THE motoring world’s worst-kept secret is out: Rolls-Royce’s first “high-sided car” will be called Cullinan, named after the biggest flawless diamond ever discovered.
Australia and New Zealand will be priority markets within the Asia-Pacific region for the big SUV that is due to be revealed in full later this year ahead of Down Under deliveries in 2019.
No pricing or specifications for the vehicle have yet been released, but the British company has already revealed that the Cullinan will ride on the same aluminium space-frame platform – called Architecture of Luxury – as the new Phantom.
As GoAuto reported last year, the Cullinan will sit below the flagship Phantom in the Rolls-Royce pecking order. Phantom pricing starts at $950,000 driveaway for the short-wheelbase variant and tops out at $1,100,000 for the extended-wheelbase flagship.

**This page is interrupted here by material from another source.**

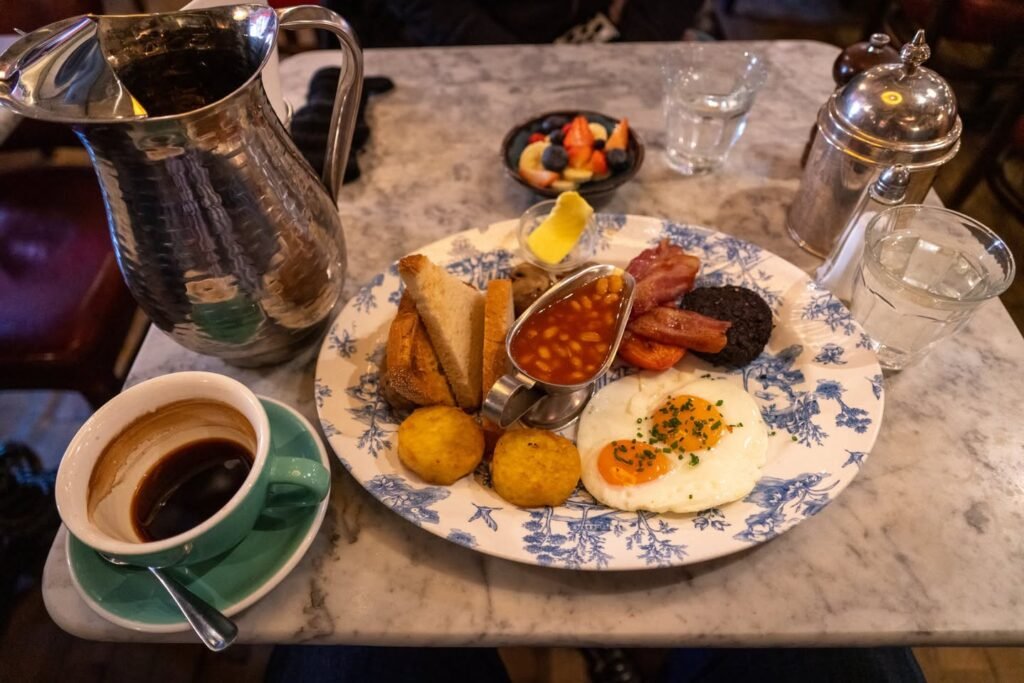 A hearty breakfast plate with eggs, toast, and condiments served with a cup of tea. A silver pitcher and glass canisters complete the table setting.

Announcing the new moniker, Rolls-Royce chief executive officer Torsten Mueller-Otvos said the name Cullinan had been “hiding in plain sight” since the company revealed it as the project name for the vehicle some years ago.

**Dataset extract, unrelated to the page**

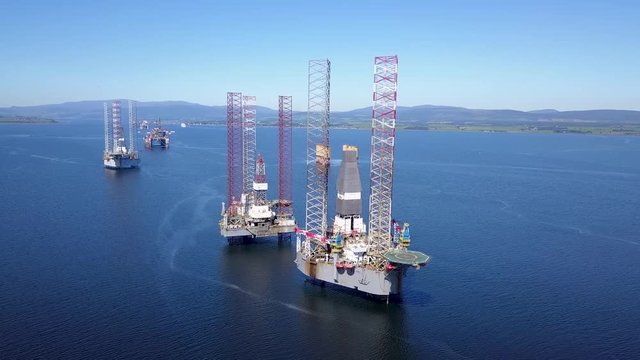 Drone In High Orbit Around Oil Rig Close To Shore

“It is the most fitting name for our extraordinary new product,” he said.
“Cullinan is a motor car of such clarity of purpose, such flawless quality and preciousness, and such presence that it recalibrates the scale and possibility of true luxury.
“Just like the Cullinan diamond, the largest flawless diamond ever found, it emerges when it is perfect and exists above all others.”Discovered in South Africa in 1905, the 3106-carat Cullinan diamond was smashed into nine stones, with the largest chunks now gracing Queen Elizabeth’s Imperial Crown and Sceptre with Cross.
The Rolls-Royce Cullinan was developed under the engineering and design banner “effortless, everywhere”.
Logic suggests the Cullinan will share the Phantom’s 6.8-litre twin-turbo petrol V12 that makes 420kW/900Nm in sedan guise. The ZF eight-speed automatic transmission will probably also come with the Cullinan package.
The British media speculates that the Cullinan ultimately will get an alternative plug-in hybrid powertrain from parent company BMW’s parts bin, but diesel has been ruled out as too unrefined for Rolls-Royce clientele.
All-wheel drive is a given, providing the big beast – probably nearing three tonnes despite lots of weight-saving aluminium in the body and chassis – with the traction required to go up against rivals such as the Bentley Bentayga and Lamborghini Urus.
Pictures of test mules indicate the Cullinan will get rear-hinged ‘suicide doors’ like those on the Phantom for easier rear-seat entry and exit.